SIX’s leadership also explained how they have had sustained success over the last seven years. Top-line revenue and attendance growth has been fueled by (1) increases in season pass and membership sales, (2) strategic increases in one-day ticket prices and pairing back discounts, (3) new in-park services programs, e.g., the all-season-dining-pass, designed to capture incremental discretionary spending from park visitors, and (4) growth in international licensing opportunities. The growth in season pass sales was assisted by the roll-out of Holiday-in-the-Park to additional parks and continued investment in Fright Fest. SIX is also rolling out a Mardi Gras event in two of its parks, Six Flags Mexico and Six Flags San Antonio. John Duffey, CEO of Six Flags, made reference to SIX’s 4th of July event as well. SIX now delivers four seasons of thrills and fun, which certainly makes its membership and dining programs more attractive.
The foregoing summary of SIX’s strategy helps explain a point made earlier about FUN. There are a lot similarities in the current strategies of the two regional theme park operators. But SIX’s strategy includes an international component, while FUN is focused on the development of its resort business. By resort business, I mean accommodations and complimentary business lines like the sport tournament complexes. Both strategies, international and domestic resort, seem reasonable. It remains to be seen which path is the most lucrative.
I would be remiss not mention that SIX’s stock did not perform well after its earning announcement. It fell over $2 on the day. The chart below shows its performance over the last three months.

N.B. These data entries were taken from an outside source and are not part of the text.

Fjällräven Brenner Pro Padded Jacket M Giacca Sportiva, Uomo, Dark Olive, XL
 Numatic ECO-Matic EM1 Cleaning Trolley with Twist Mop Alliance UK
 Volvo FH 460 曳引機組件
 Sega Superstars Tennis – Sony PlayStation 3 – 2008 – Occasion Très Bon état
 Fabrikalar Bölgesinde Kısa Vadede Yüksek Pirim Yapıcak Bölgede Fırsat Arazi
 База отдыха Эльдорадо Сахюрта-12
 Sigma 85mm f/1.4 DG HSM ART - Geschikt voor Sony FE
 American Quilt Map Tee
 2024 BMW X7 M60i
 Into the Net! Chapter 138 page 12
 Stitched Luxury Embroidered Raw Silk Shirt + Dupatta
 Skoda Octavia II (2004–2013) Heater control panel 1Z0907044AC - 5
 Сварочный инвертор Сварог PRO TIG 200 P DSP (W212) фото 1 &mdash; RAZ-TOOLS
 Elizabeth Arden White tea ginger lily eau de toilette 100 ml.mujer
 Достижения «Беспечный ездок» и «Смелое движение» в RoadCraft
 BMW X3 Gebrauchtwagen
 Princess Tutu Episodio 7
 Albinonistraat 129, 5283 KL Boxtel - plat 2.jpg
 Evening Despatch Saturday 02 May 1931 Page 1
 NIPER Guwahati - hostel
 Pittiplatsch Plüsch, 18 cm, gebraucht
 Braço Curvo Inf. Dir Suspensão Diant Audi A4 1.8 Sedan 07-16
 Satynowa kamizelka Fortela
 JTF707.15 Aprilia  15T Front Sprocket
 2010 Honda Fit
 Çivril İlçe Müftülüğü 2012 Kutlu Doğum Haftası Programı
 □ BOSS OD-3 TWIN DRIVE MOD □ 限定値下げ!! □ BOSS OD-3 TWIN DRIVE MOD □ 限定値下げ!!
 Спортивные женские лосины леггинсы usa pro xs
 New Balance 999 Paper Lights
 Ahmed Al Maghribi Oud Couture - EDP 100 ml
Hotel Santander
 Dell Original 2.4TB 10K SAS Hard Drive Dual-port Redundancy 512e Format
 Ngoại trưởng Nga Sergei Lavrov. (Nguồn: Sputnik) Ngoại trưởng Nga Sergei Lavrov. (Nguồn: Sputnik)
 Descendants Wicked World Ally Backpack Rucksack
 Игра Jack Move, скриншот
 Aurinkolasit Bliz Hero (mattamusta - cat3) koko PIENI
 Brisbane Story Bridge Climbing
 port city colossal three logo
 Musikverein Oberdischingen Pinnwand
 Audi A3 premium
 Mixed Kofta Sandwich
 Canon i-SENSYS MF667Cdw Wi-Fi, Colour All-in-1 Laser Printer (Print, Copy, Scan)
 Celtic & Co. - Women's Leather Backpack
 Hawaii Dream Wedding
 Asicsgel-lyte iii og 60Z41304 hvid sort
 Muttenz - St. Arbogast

Although it is not always easy to interpret the street’s reaction to a company’s earnings release, it was a curious reaction to an EPS miss of just $0.01. Perhaps it was that SIX’s leadership mentioned it could now pursue the option of converting itself into a REIT (i.e., a Real Estate Investment Trust). The need for the move might have caused some confusion. It seemed clear to me at least that SIX had not made any decision yet. It will explore the REIT option as the NOLs (i.e., net operating losses which are used as a way of reducing future taxes) were exhausted. It may also be that SIX needs $55 million to hit its Project 600 target, which is based on modified not adjusted EBITDA. Modified EBITDA sits at $545 million at the end of 2016. The street may view $55 million a stretch after a year with “only” $25 million in EBITDA growth (both modified and adjusted EBITDA grew at the same pace). Given what SIX’s leadership said about its international growth opportunities and its deferred revenue growth, as well as its seven years of success, it might prove unwise to bet against SIX eventually getting there.
Again, in the interest of full disclosure, the author is long in both FUN and SIX.